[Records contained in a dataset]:
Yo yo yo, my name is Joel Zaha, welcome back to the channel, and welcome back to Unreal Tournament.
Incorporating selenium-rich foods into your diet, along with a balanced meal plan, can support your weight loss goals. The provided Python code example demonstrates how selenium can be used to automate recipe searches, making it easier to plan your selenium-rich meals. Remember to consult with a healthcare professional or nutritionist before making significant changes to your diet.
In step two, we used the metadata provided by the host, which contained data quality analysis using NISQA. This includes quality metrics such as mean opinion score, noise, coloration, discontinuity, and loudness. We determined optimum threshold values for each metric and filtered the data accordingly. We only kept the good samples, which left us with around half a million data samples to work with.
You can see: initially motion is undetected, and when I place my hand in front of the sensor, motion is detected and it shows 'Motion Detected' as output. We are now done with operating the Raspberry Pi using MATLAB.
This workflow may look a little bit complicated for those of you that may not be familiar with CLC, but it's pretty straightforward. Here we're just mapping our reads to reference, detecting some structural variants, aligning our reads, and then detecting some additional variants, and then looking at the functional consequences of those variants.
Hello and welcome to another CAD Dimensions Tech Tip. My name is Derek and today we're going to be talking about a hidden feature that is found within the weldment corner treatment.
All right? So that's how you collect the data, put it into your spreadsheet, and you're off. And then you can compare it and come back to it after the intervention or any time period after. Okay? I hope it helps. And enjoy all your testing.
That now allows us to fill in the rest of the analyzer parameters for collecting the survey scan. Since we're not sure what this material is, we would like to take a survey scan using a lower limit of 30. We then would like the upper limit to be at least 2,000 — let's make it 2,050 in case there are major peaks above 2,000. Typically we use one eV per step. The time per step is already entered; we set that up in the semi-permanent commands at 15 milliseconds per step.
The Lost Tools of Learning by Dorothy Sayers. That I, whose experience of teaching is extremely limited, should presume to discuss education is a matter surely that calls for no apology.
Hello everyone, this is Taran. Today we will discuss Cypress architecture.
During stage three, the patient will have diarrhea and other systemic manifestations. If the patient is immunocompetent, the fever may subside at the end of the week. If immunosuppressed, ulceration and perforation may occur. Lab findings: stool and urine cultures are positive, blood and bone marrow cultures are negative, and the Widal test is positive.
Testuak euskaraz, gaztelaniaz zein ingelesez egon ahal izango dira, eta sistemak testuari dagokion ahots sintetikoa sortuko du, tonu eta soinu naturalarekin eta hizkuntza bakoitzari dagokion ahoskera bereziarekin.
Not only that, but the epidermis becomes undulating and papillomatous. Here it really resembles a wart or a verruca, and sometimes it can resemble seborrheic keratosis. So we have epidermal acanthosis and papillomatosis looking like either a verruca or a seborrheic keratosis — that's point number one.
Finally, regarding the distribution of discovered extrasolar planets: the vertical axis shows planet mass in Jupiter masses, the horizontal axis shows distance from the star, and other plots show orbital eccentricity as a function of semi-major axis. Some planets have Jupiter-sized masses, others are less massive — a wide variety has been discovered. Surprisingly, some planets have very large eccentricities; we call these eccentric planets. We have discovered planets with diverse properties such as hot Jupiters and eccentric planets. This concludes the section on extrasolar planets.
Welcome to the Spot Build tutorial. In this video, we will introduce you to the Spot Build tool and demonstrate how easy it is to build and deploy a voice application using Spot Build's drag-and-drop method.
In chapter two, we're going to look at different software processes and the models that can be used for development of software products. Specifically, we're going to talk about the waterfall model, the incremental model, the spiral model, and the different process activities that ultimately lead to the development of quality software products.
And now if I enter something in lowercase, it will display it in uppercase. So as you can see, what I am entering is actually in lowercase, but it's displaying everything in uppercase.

[What is needed]: Count up every line above that has the word "major" in it; answer with the number alone.

[Response below]: 2